On January 2025, Anthropic announced an innovative new feature named Citations for its AI model Claude, designed to enhance the accuracy of generated responses while minimizing errors commonly referred to as confabulations or hallucinations. This exciting addition marks a significant move towards making AI models more reliable and trustworthy by referencing source documents directly linked to their generated outputs.
The Citations feature allows developers using Claude models to integrate source documents into the model’s context window. This is accomplished by enabling the model to automatically cite specific segments of text that are utilized to provide answers. According to Anthropic’s announcement, when Citations is enabled, the API processes user-provided documents, which can be in PDF or plaintext format, by segmenting them into sentences. These segmented sentences, along with any additional context provided by the user, are then fed into the model, allowing it to generate responses based on solid references.

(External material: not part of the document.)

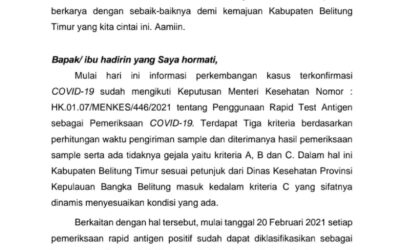 Waspada, 31 Orang Terkonfirmasi Positif COVID-19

This new feature has a broad spectrum of potential applications. Developers can use Citations for a variety of purposes, such as summarizing legal case files with key points accurately linked to original documents, answering inquiries related to financial data with well-sourced references, and providing customer support that cites specific product documentation. This could greatly improve the utility of AI systems in professional environments where verified information is crucial.
In internal testing, the introduction of Citations reportedly improved recall accuracy by up to 15% compared to more traditional custom citation implementations developed by users through prompts. Although a 15% boost may initially seem modest, the feature has already attracted attention from AI researchers and developers for its fundamental incorporation of Retrieval Augmented Generation (RAG) techniques. Simon Willison, a prominent figure in the AI community, elaborated on the importance of citation features in his blog, illustrating how they bolster accuracy by providing reliable document excerpts in response to user inquiries.
Willison emphasized that the core principle behind the RAG method is to take a user’s question, extract relevant text fragments from documents, and formulate an accurate answer that incorporates these excerpts, thereby enhancing the reliability of the model’s answers. However, he warned of the ongoing risks that AI models may still hallucinate incorrect details drawn from other, unrelated training data. Citing sources helps alleviate some of this risk, but the complexity involved in establishing an effective citation system should not be understated.
Anthropic’s Alex Albert provided insights into the technology, stating that Claude has been engineered to cite sources effectively. The launch of Citations now exposes this capability to developers, allowing them to activate it through the application programming interface (API) by passing a specific parameter. This parameter signals the model to cite sources whenever relevant documents are provided.
Citations have been integrated into Anthropic’s Claude 3.5 Sonnet and Claude 3.5 Haiku models, both accessible via the Anthropic API and Google’s Vertex AI platform. Evidence of the feature’s practical use is already emerging; for instance, Thomson Reuters, which employs Claude in its CoCounsel legal AI reference platform, is eager to leverage Citations to bolster trust in the reliability of AI-generated content while reducing the risk of hallucinations.
Furthermore, financial technology company Endex reported impressive results, claiming that the usage of Citations effectively eliminated their source confabulation issues from 10% down to zero, while concurrently increasing the number of references provided in responses by 20%. This point highlights the potential for AI tools to become robust pillars of information fidelity in the financial sector.
However, despite the promising advancements related to accuracy and citation, it is crucial to remain cautious about relying wholly on any large language model to present accurate reference information until further extensive studies are conducted. The risk of transmitting inaccurate details cannot be discounted, especially as the technology continues to evolve.
For developers interested in utilizing Citations, Anthropic has confirmed that it will adhere to its standard token-based pricing model; notably, any quoted text included in responses will not contribute to output token costs. For instance, sourcing a 100-page document as a reference, utilizing Claude 3.5 Sonnet will cost approximately $0.30, and Claude 3.5 Haiku will cost around $0.08, thus providing an economical method for leveraging comprehensive research documents.
In summary, Anthropic’s new Citations feature represents a substantial leap forward in fostering greater reliability and trust in AI-generated responses. By linking model outputs to verified source materials, Claude could redefine the parameters of accuracy in artificial intelligence applications, deepening its integration into professional use while paving the way for even more advanced features in the future.